Set down exactly the lines below between the line holding "Our antique Grand" and the line holding "Two professional businesswomen", inclusive; no other line belongs in the answer.

RECORDS SHOWN:
::::::

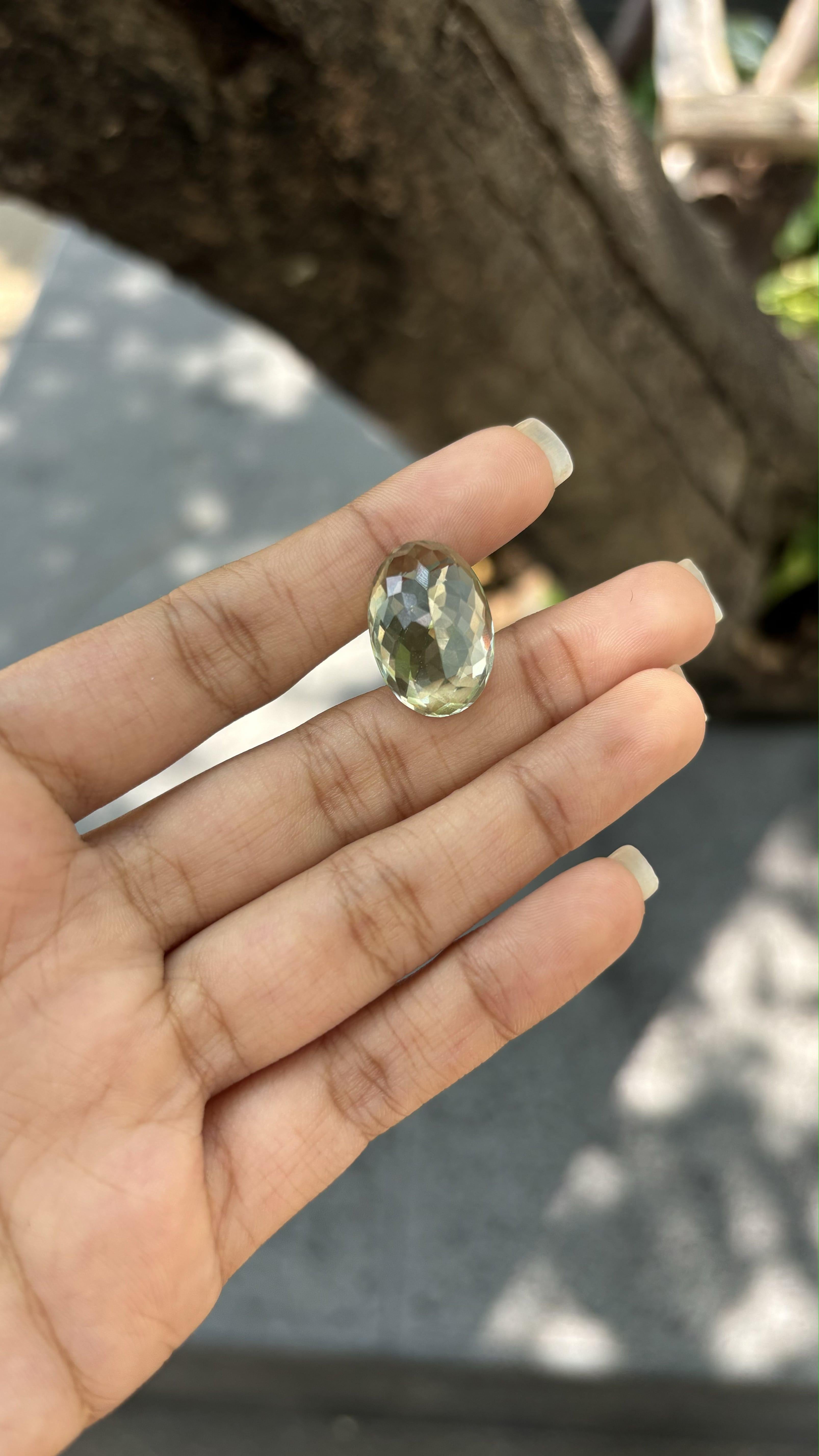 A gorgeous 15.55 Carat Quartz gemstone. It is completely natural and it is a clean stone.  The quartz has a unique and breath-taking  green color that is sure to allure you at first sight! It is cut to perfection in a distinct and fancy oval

::::::

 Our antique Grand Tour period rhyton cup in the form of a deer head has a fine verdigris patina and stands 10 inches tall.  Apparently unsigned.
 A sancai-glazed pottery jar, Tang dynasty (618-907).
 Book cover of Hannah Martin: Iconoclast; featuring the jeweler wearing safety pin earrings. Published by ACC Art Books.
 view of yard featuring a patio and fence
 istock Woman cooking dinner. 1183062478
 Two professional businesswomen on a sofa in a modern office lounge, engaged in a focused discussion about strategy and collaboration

::::::

RESULT OF THIS TASK:
 Our antique Grand Tour period rhyton cup in the form of a deer head has a fine verdigris patina and stands 10 inches tall.  Apparently unsigned.
 A sancai-glazed pottery jar, Tang dynasty (618-907).
 Book cover of Hannah Martin: Iconoclast; featuring the jeweler wearing safety pin earrings. Published by ACC Art Books.
 view of yard featuring a patio and fence
 istock Woman cooking dinner. 1183062478
 Two professional businesswomen on a sofa in a modern office lounge, engaged in a focused discussion about strategy and collaboration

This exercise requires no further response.